I think that's pR/2t.

Sorry I missed your last post, Pingen, but rb1957 is more than qualified to solve your problem.

Sounds like you have something similar to half a pressure vessel, which is where the pR/t and pR/2t equations would come from.

 

[rb1957]

doh !

GBor's right about the shear stress (funnily enough it equals the longitudinal load in the pressure vessel), but the hoop stress is pR/t

but the structure is more like a doubly cantilevered beam.
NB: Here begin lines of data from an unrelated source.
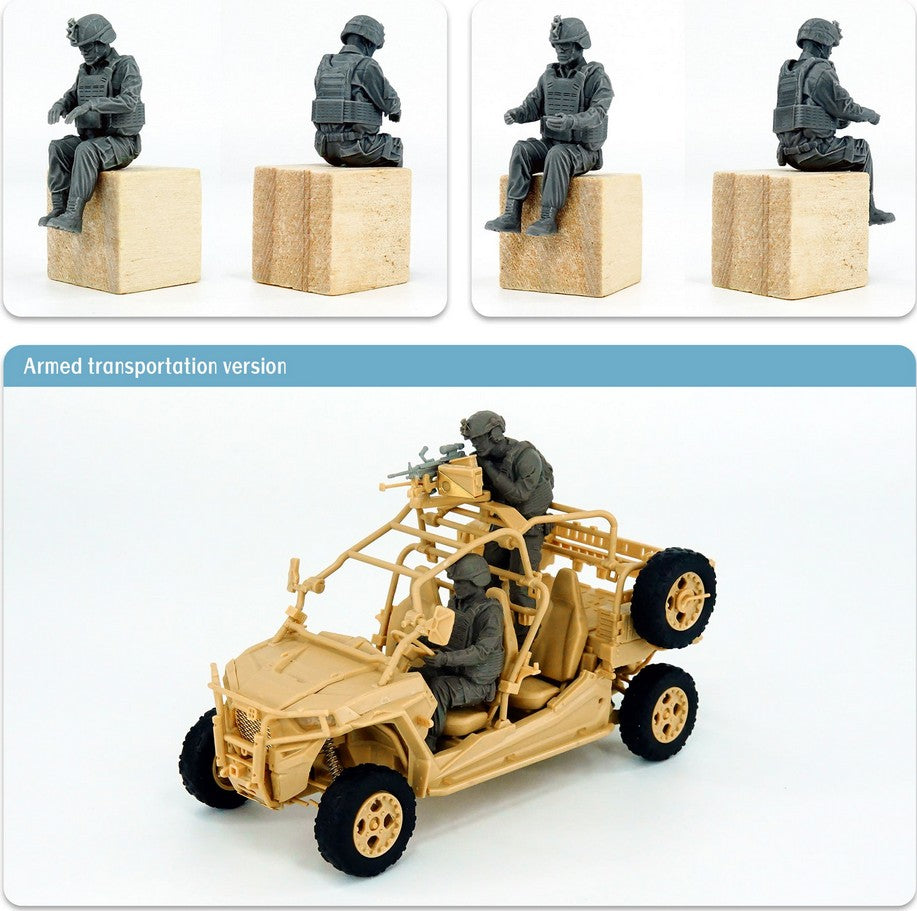 Figuras de tripulacion de vehiculo tactico americano MRZR D4 de Maic Factory 7502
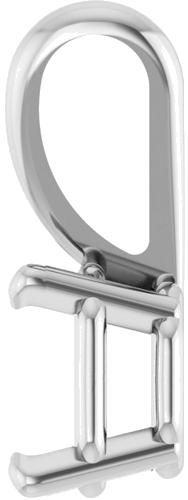 Pakabukas „Solitaire“ 14k white gold Asscher 6.25mm (3)
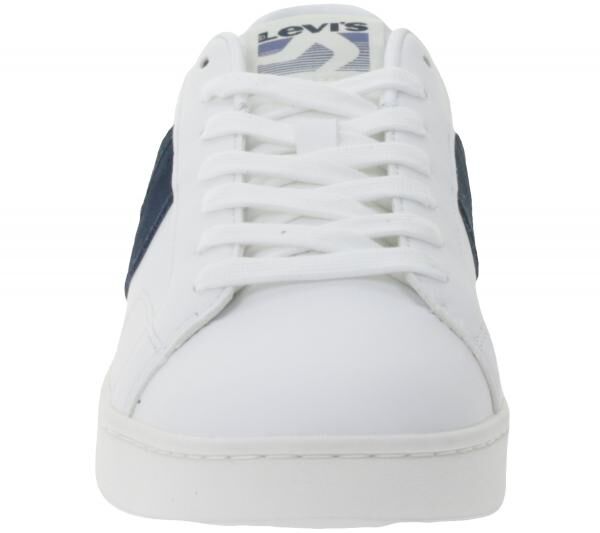 LEVI&acute;S Swift Damen & Herren Freizeit-Sneaker Turnschuhe im Leder-Overlay-Look Schn&uuml;r-Schuhe 235658-846N Wei&szlig;/Navy
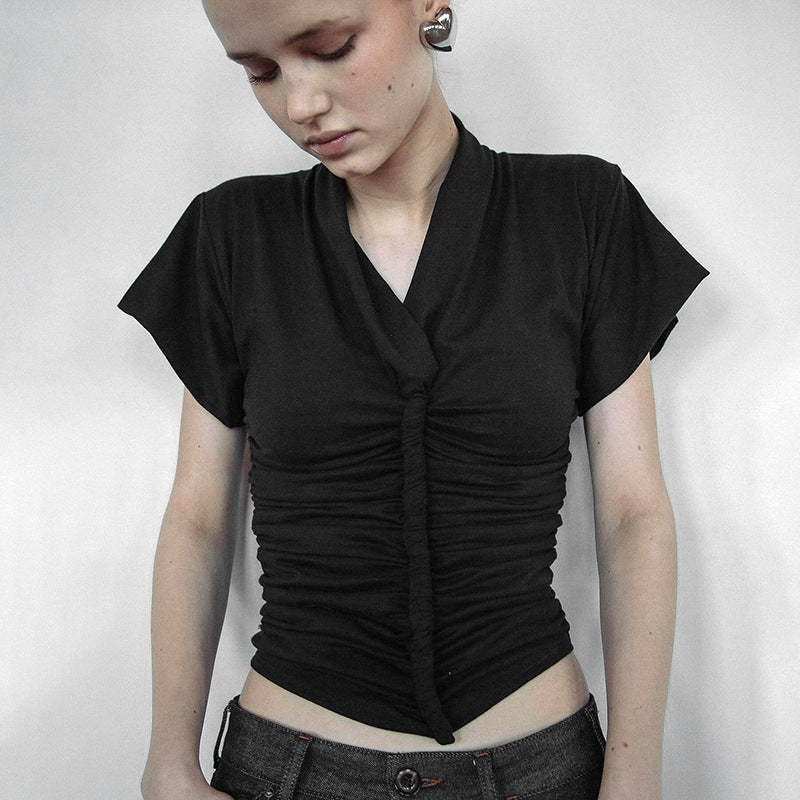 New Solid Color And V-neck Sexy Symmetrical Pleated Short Sleeve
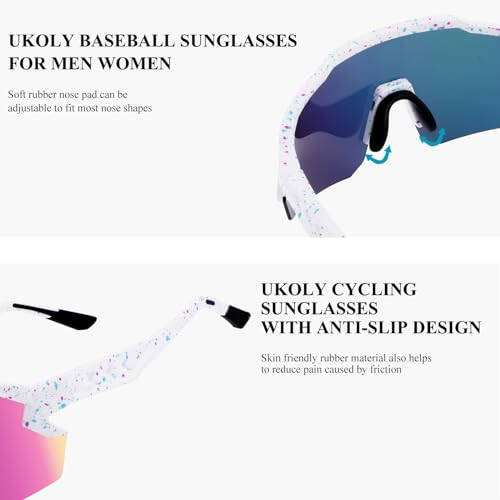 Ukoly Baseball Sunglasses For Men Women,Sports Sunglasses For Baseball Running Cycling UV400 protection TR90 Frame 615 - 6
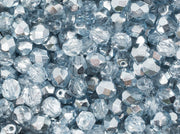 Fire Polished Faceted Beads Round 6 mm Crystal Comet Azore Light Czech Glass Grey Blue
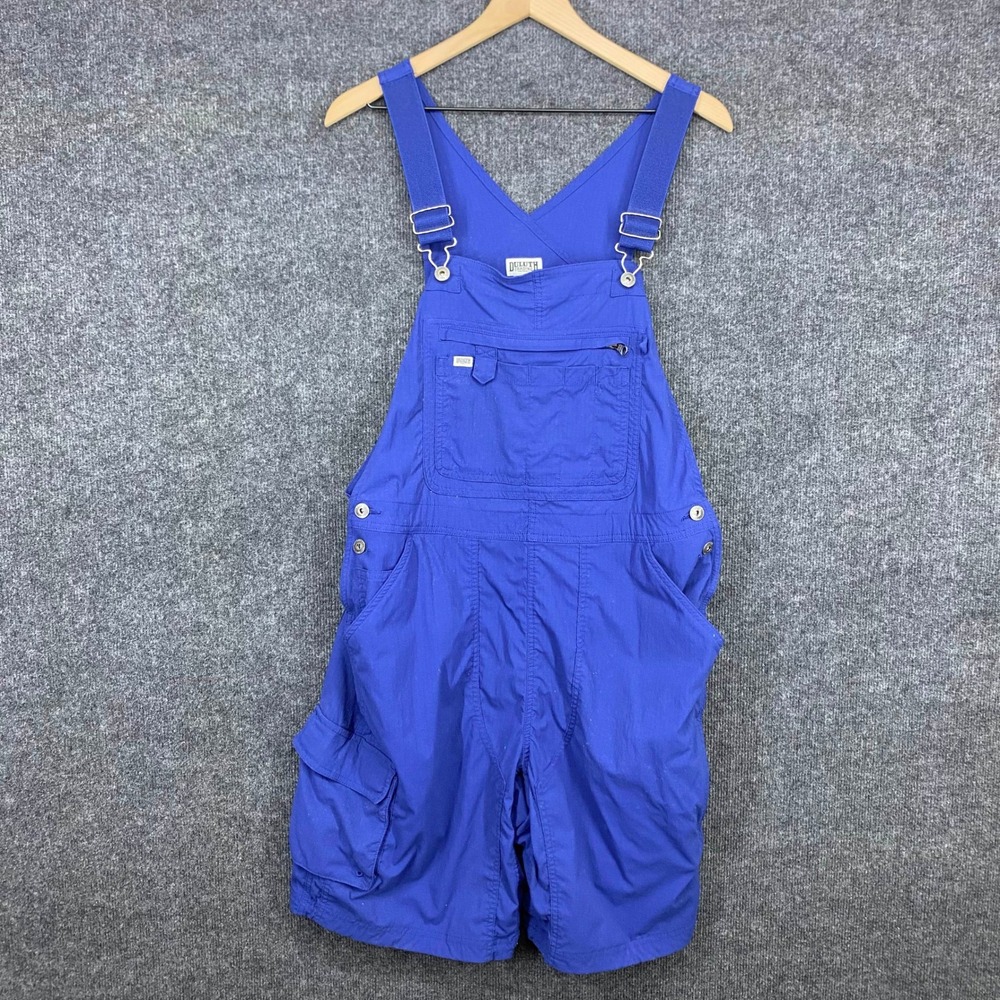 Duluth Trading Co Heirloom Gardening Bib Overalls Blue Ripstop Shortalls Mens L
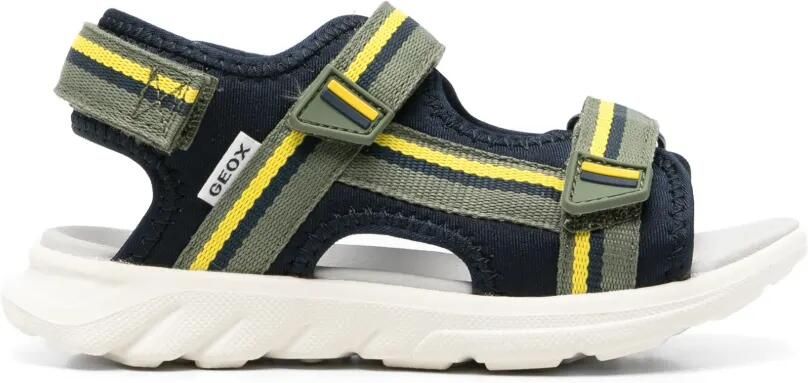 Geox Kids Airadyum gestreepte sandalen met klittenband Groen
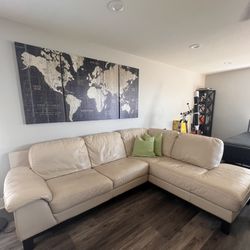 Costco Leather Sectional Used But Still Life Left - very Comfortable 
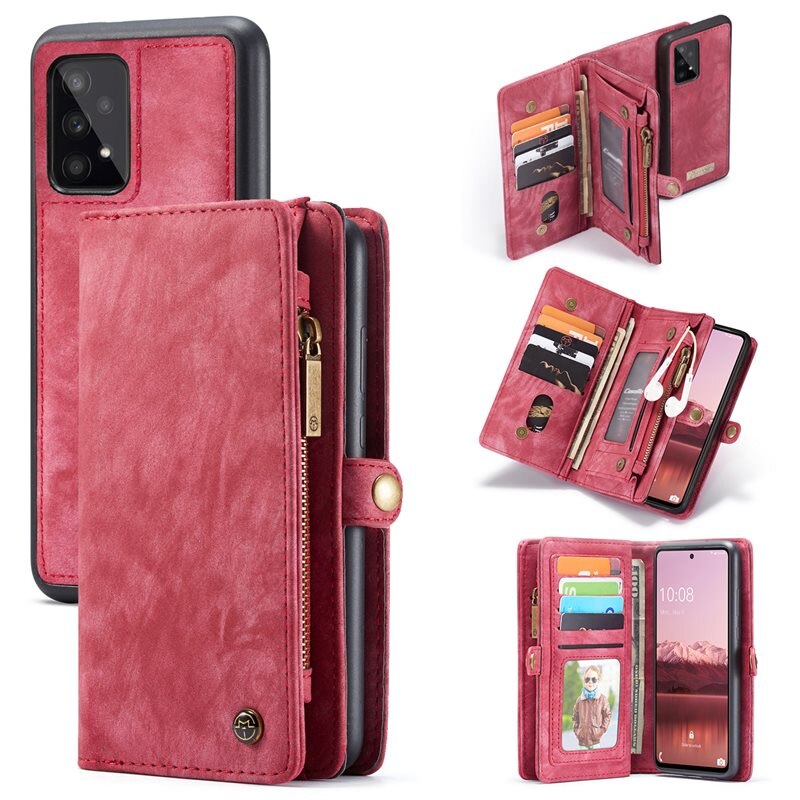 CaseMe Multi-slot Plånboksfodral Samsung Galaxy A53 Röd - Mobilfodral med extra många kortplatser - Korthållare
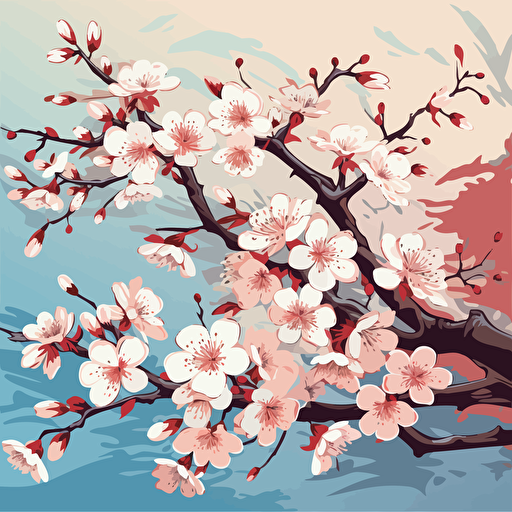 vector art, white japanese cherry blossom, 2D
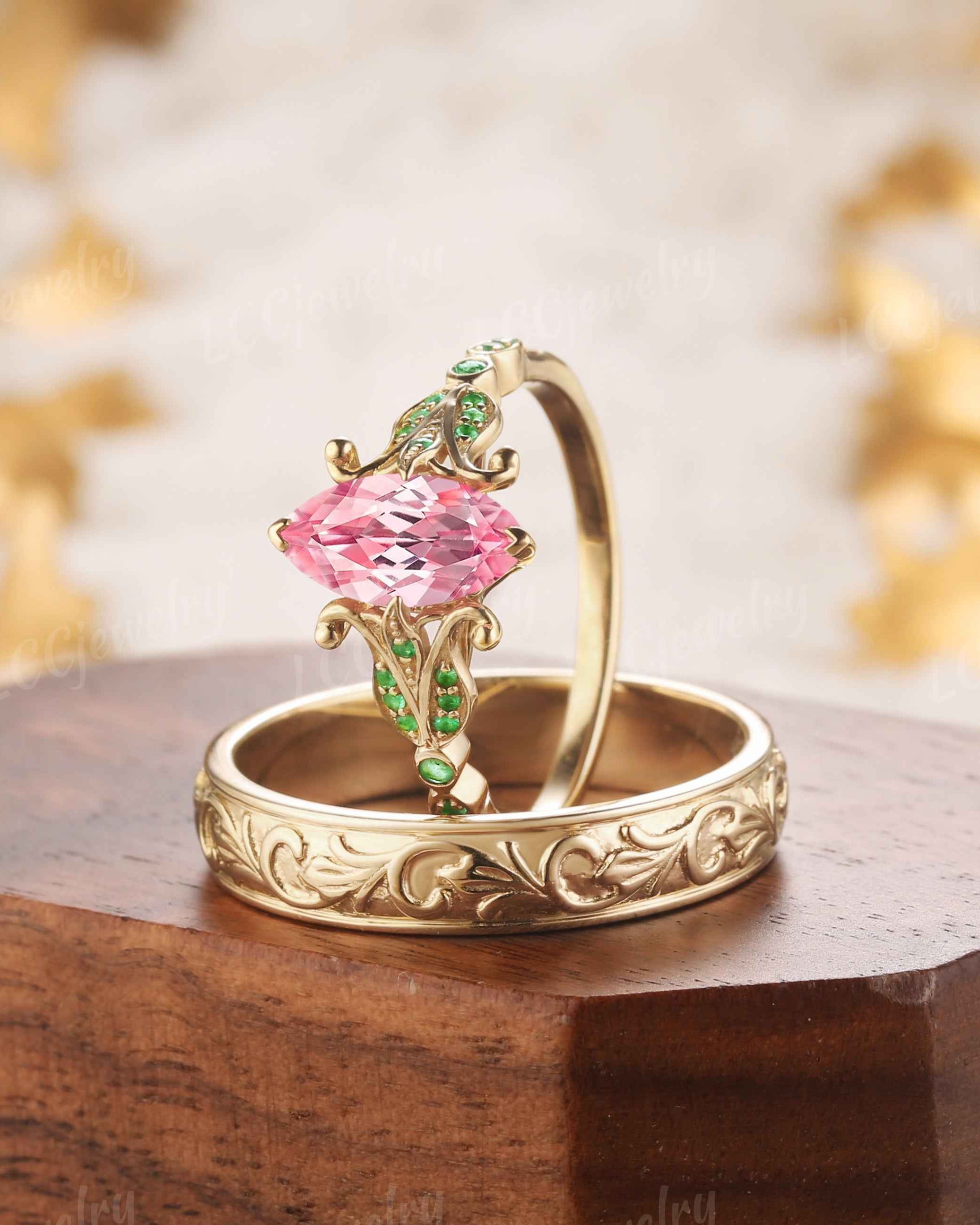 Floral Inspired | 2pcs Iris Design Papalacha Couple Rings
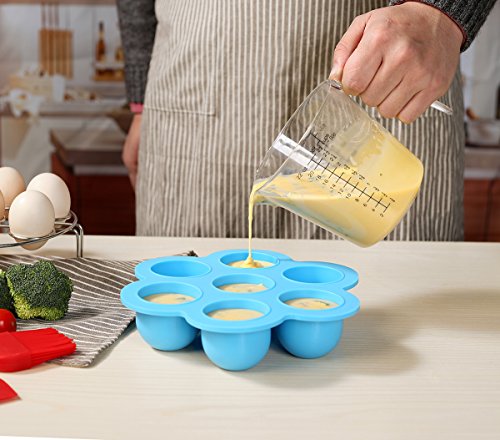 Upgraded Egg Bites Molds for Instant Pot Accessories by ULEE - Fits Instant Pot 5/6/8 qt Pressure Cooker, Two Removable Silicone Handles for Easily Taking the Hot Mold Out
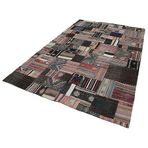 200x303 cm Kırk Yama Kahverengi Kırk Yama Pamuklu Yün El Dokuma Modern Geometrik Etnik Eskitme Desenli Boho Oturma Odası Salon Yolluk Koridor Mutfak Halısı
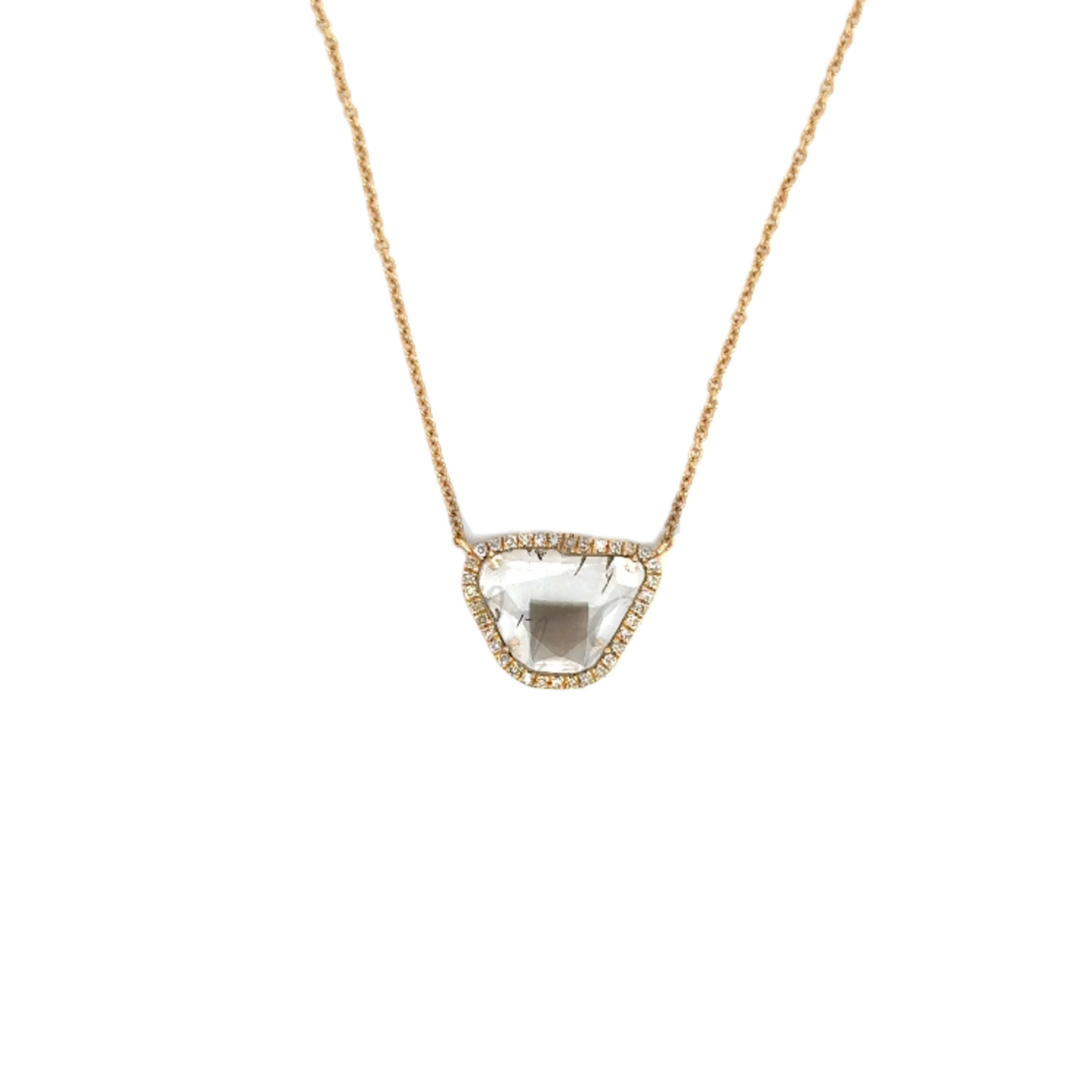 Single Sliced Diamond Necklace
i guess we could turn the question around and ask why would you think the stresses in a beam should be equal to the applied pressure ?

 

[pja]

You are right..if you are applying the pressure to a flat plate where the normal is the z direction than sigma_zz on the surface should be the same as the applied pressure..however many shell elements used in commercial codes condense the constituitive equations down to a plane stress assumption hence you may see zeroes for sigma_zz.

 

[rb1957]

pja,

i'd say that's right if you're close to an axis of symmetry ... the further away for this the plate sigma zz has to react the sum of the applied pressure (effectively the integral of the applied pressure). in any case, i'd expect that this stress would be much less than sigma xx due to bending.

 

[pja]

I stand by what I said..the Cauchy equations for the boundary tell you that if a traction is applied in the z direction, which for a FLAT PLATE would be the pressure applied, the normal component of the stress would be equal in magnitude to the pressure:

Z=sig_zz * n + sig_xz * l + sig_yz * m

where Z is the z traction and n,l and m are the direction cosines which for the upper and bottom surfaces of a flat plate have values of +-1, 0 and 0.

Whether or not this guy has a flat plate I have no idea..he didn't say one way or the other.

 

[pja]

Oh he did say whether it was curved..my fault I didn't read his second post. My equation is still correct though..: ) and the others are correct about the fact that the load will be predominantly handled via shear stresses. The above formulas are correct for thin-walled pipes, ie if R/t >10

 

[prost]

Wasn't the original question about the computed normal stress on the surface (some people call these 'tractions')? I understood the question to be nothing about the internal stress state (pR/t, pR/2t for thin shells, thick shells have bigger formulae of course) but only about the external stress state, that is, the tractions. Did I miss something?

If the plates are curved, if they are flat, doesn't matter--if the load is only a pressure (indicating a stress normal to the surface everywhere) and no shear tractions are applied, then the normal stress has to be equal to the pressure; in this case the direction cosine of the surface is the same whether you are computing pressure or normal traction. Now the reasons for the discrepancy in your FE model can only be speculated. Bad mesh comes to mind first, that is not enough elements or poorly placed elements. Are you doing this with plates or shell elements, or are you doing this with 3D brick elements? It will help if you identify the element as precisely as possible--not just "brick" but how many nodes are in the brick.

 

[prost]

I humbly beg your pardon; surface tractions are handled different ways, depending your whether are using plates/shells or 3D elements. I don't do much work with shells, forgot about that little bit. Sorry.

To see why it makes a difference, it might help to think of the shell as the two dimensional version of a beam; certainly the equations that describe equilibrium in shells and beams are similar, with similar approximations in the models. Now think of a beam, simply supported, loaded by a constant pressure 'q' along the beam (say in the 'y' direction, the x direction is aligned with the axis of the straight beam). Certain approximations are made to make this an easy problem to compute. Now try to calculate the complete stress state, sxx, syy, szz, sxy, sxz, syz in this beam. szz is zero of course, so are sxz and syz. sxx is from the classical My/I, shear from VQ/It. What is syy? Zero! Completely counterintuitive, nevertheless the right answer for the model, that is, a product of the formulation (beam equations).